Ce croisement des données a permis de constater une relation entre les dessins et les avancées en matière de langage. «La syntaxe des premières histoires était peu élaborée, avec des phrases simples comprenant un seul verbe fléchi. Un an plus tard, ça s'est amélioré pour les trois enfants. Au niveau de la structure des récits, les histoires du premier épisode étaient très courtes avec peu d'éléments déclencheurs pouvant contribuer à la quête des personnages. Encore une fois, chacune des élèves a beaucoup évolué sur ce plan», affirme Sandrine Cantin.
Quand vivre avec une perte auditive devient une force
Son projet de recherche ayant permis de cibler des stratégies d'intervention efficaces, Sandrine Cantin espère voir davantage de collègues enseignants utiliser le dessin narratif auprès d'enfants ayant des enjeux sur le plan auditif ou langagier.
Elle rappelle que la perte d'audition, chaque année au Québec, touche environ 1350 élèves, dont la majorité n'est pas inscrite dans une école spécialisée. Pour les enfants ayant une déficience langagière, le chiffre se situe entre 11 000 et 12 300, dont près de 4700 en classes ordinaires. «Souvent, les enseignants ne savent pas trop où commencer ni quoi faire pour aider ces enfants dont les difficultés peuvent passer inaperçues, d'où l'importance qu'ils soient mieux outillés.»
Véritable passionnée par son métier, Sandrine Cantin est bien placée pour comprendre la réalité des jeunes qu'elle côtoie, elle-même ayant dû conjuguer avec une perte auditive de l'oreille droite. «Ma dernière chirurgie remonte à 2014. Je suis chanceuse; une seule de mes deux oreilles est atteinte, tandis que d'autres vivent des difficultés beaucoup plus grandes. Je me suis dit que je pouvais jouer un rôle. Pour moi, le fait d'avoir une perte d'audition est devenu une expérience positive, une force et non une faiblesse. Enseigner à ces enfants m'apporte une richesse», conclut-elle.

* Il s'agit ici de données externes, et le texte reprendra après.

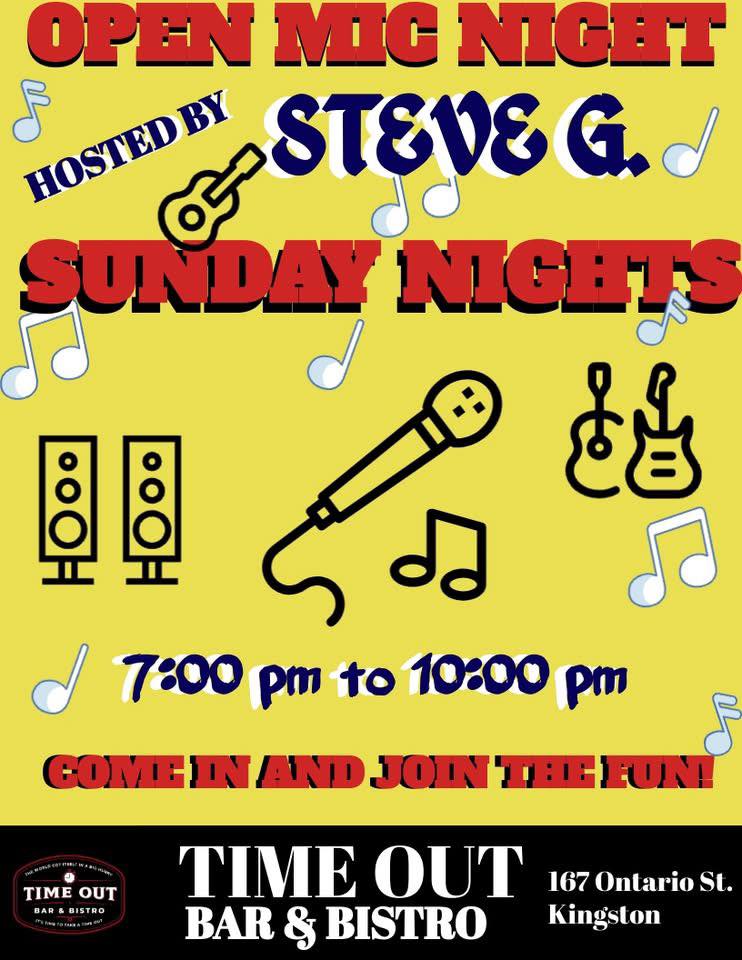 Open Mic: Steve G @ Time Out Bar & Bistro Mar 15 2026 - May 2nd @ Time Out Bar & Bistro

Quarante bougies pour l'implant cochléaire
Événement historique qui a marqué un tournant pour les personnes rencontrant des difficultés d'audition, la première pose d'un implant cochléaire au Canada a été réalisée il y a 40 ans par un professeur agrégé de clinique à l'Université Laval, Pierre Ferron.
Sommité dans son domaine, le Dr Ferron a reçu au fil de sa carrière plusieurs récompenses, dont le titre de chevalier de l'Ordre national du Québec.